The heifers were keen to follow me out of the Swamp East and so I let them through the new crossing - they're the first to use it with its new fencing - to the Frog Paddock.
Along with fencing the crossings, Stephan has worked to drag as much gravel as possible up onto the approaches, so that when the cattle walk into the stream they don't take a lot of mud on their feet. Keeping topsoil where it belongs and out of the waterways is a very important aspect of water-quality protection.
I'm pleased to see the older heifers contentedly grazing on the hill in the distance. Last time the cattle were in that paddock, they didn't want to graze up there much at all.
Friends Gaye and Brian came for dinner: roast wild pork! We were unsure what it would be like because wild pork we've had before has had a strong and sometimes unpleasant flavour. But this was succulent and absolutely delicious and Stephan regretted his generosity in giving all of the rest of it to his brother! I begin to think that pig hunters, who go after only the largest pigs, usually boars, miss the best of the pork in leaving these smaller pigs behind. Perhaps they don't consider it manly enough to catch anything less than the biggest, fiercest animals.
I brought the sixteen young heifers into the House Paddock this afternoon. I always enjoy having them near the house, because it gives me so much pleasure to watch them.
A thundery front passed over us today, but while it threatened heavy rain, we didn't get much. There was one very nasty, cold downpour for a few minutes, during which all the cattle ran for shelter.
I'm still spending a lot of time sorting out my mother's financial affairs. I find it all tremendously frustrating. Her remaining financial resources will be far less than the limit for eligibility for the Rest Home Care Subsidy (which means she will pay only about 30% of the $4,500-odd monthly fee for the rest home in which she now resides) but I've had to provide all manner of documents to prove her position and bearing in mind her own abilities over the last few years, that has not been particularly easy to do.

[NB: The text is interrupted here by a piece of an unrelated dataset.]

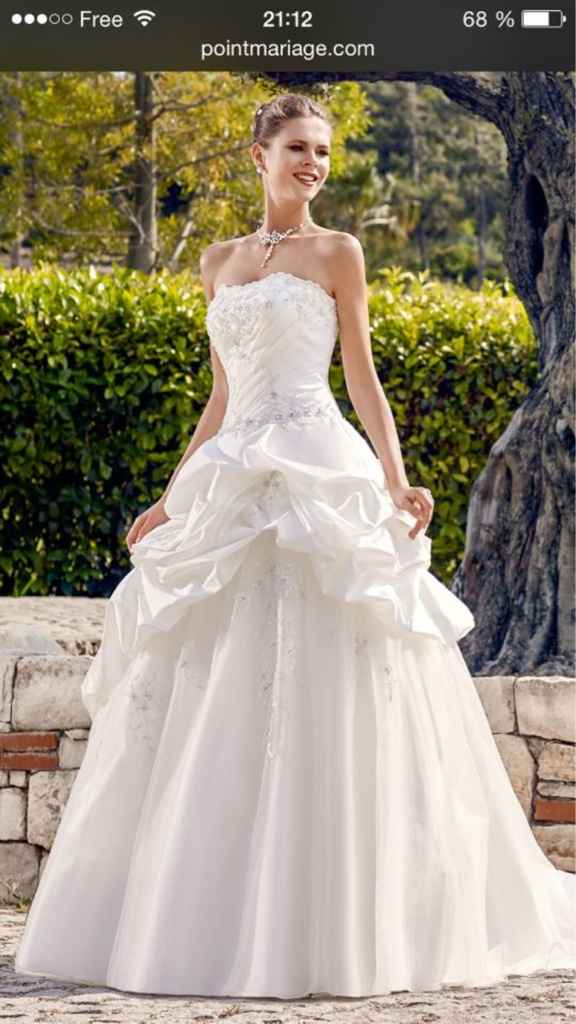 Comment sera votre robe de mariée ? - 1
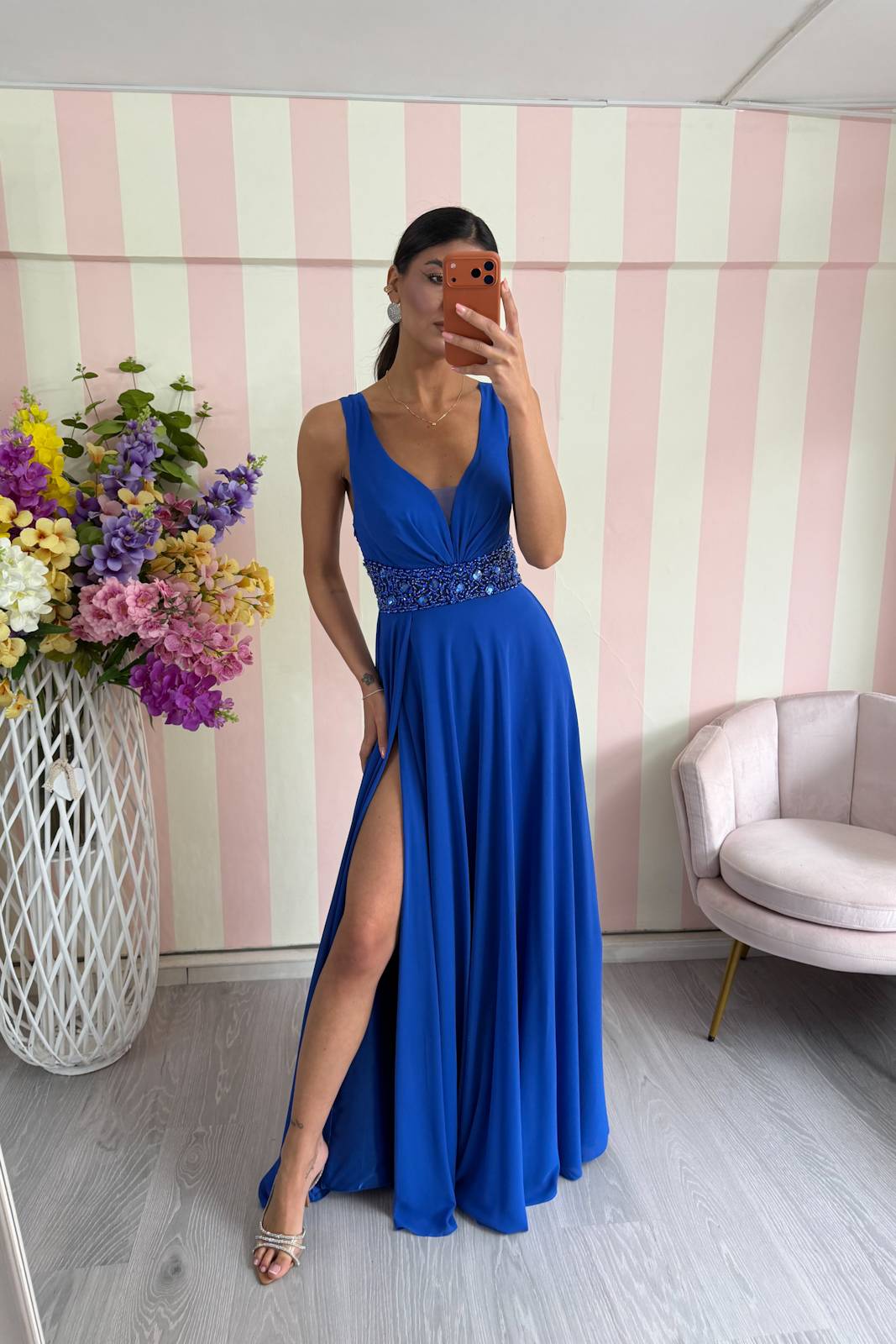 STORIA ABITO CHANTAL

Stephan's sister, Rachel, is up for a visit from Christchurch, so she and Murray came to dinner and Stephan cooked and glazed a ham. We still have a few of them in the freezer from our pigs. I really like ham!
I went off to Kerikeri again for the third and last day of the Understanding Your Farming Business (UYFB) course. I met and travelled with another woman from just north of Okaihau, which helped with my tiredness later when only having to drive half-way home.

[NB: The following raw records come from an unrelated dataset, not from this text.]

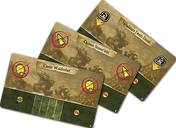 Blood Bowl: Team Manager - The Card Game - Foul Play cards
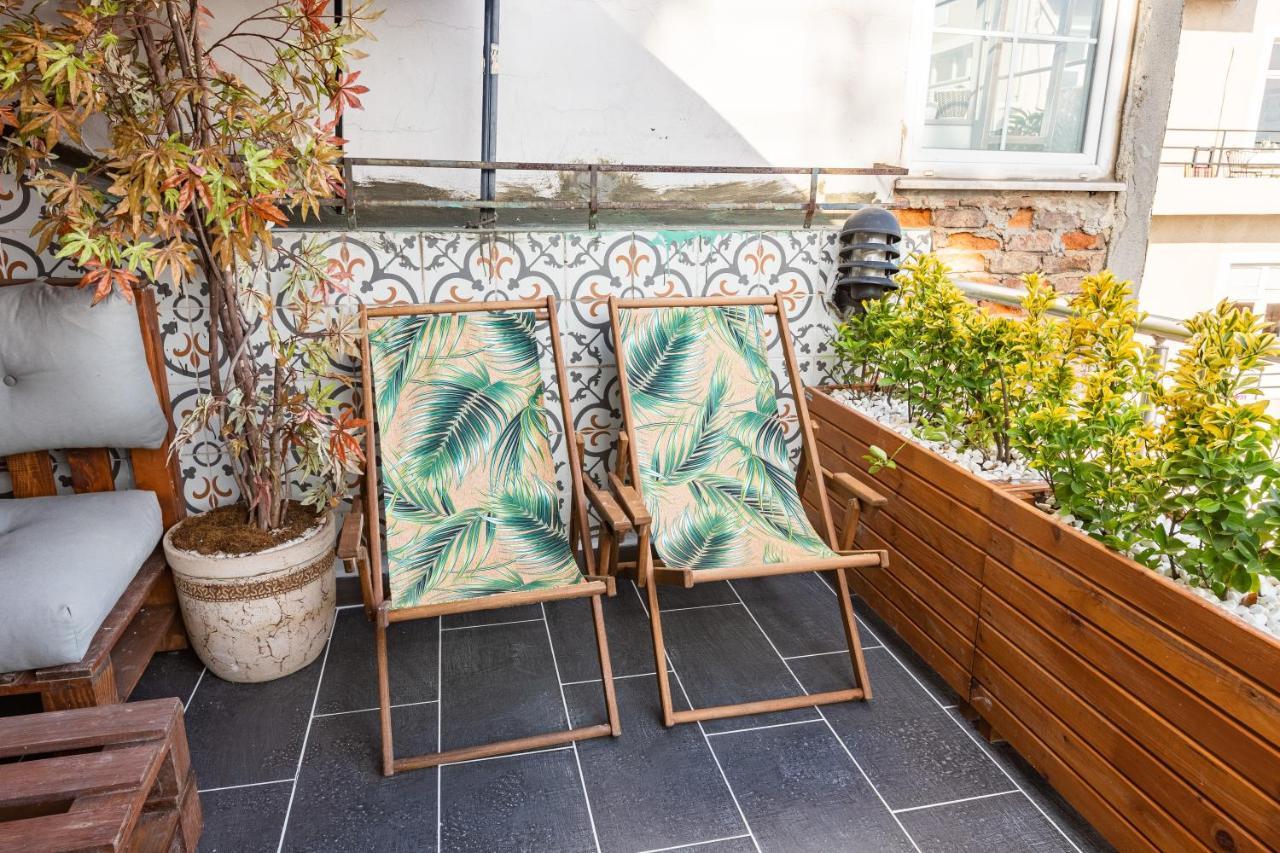 Ali Pasha Apartment Istanbul Eksteriør bilde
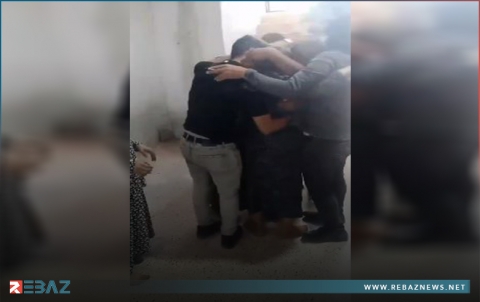 عفرين.. عائلتان كورديتان لاجئتان في لبنان تعودان إلى الديار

The course has been interesting and I have started to think about our farming enterprise in a slightly different way. For years we've been farting about (lovely NZ colloquialism) doing things we like, gradually improving the farm, the pastures, the cattle and not worrying at all about how much money it makes because that isn't really our focus. But I can see that there is probably the potential to do a lot of things better than we do now and that if we did, the farm could support us better than it does, enabling a few more choices in how we live, or in how much we can help anyone else do so. I begin to see we ought to more efficiently use this fantastic resource, so as not to squander some of that opportunity. It feels like an interesting new challenge to take on.
I'm being courted by another liquid fertilizer salesperson. Paul found this site and made contact after reading it, because he feels our ethos fits with that of the company for which he chose to work because it fitted with him. That's an unusual approach in the farming world and one I like.
We spent a couple of hours together this morning, discussing soil science and different approaches to farm fertility. I'm better equipped for this than ever before, having written a couple of recent columns for the magazine on just this topic, so Paul's approach was timely and very useful. I am about to begin reading and researching in preparation for a third column on the subject.
I spent the rest of the day setting up an on-line discussion forum for the Kerikeri UYFB group, since we'd all like to use the contacts we've made for continued support and friendship and we are far-flung around the district.
Stephan retrieved this cheese from the ripening fridge, cut it open to see what it was like and was very pleased. (There's a little greyness on the cut surface because the knife carried some of the mould with it from the outside.)
Cheese-making takes a great deal of time and when one achieves disappointing results, it's easy to think it's not worthwhile, so a good cheese is an encouraging thing. We hardly buy commercial cheese any more, which saves us a lot of grocery money - of course if one were to calculate the time spent as an earning opportunity cost, it wouldn't look like a good idea, but that would entirely miss the point. Processing milk into products which can be stored and used beyond the life of fresh milk is hugely satisfying.
There are pots of gold strewn all over our flats, according to this stunning rainbow this afternoon. There was no way I could photograph the whole thing and my attempts to stitch photos together were too untidy, so here's one end of it. The other end came down on Flat 5, then Flat 3 as I moved down along the lane toward the bulls.
I set up my winter grazing area spreadsheet today, which I use to remind me how long any of the paddocks have had to grow between grazings and which helps me calculate how much feed there might be for how many animals for how many days. It's all screwed up now though by all the riparian fence sub-division and I've been taking the GPS out with me on many walks so I can plot the position of fences more accurately, which will then give me a better area calculation of all the paddocks.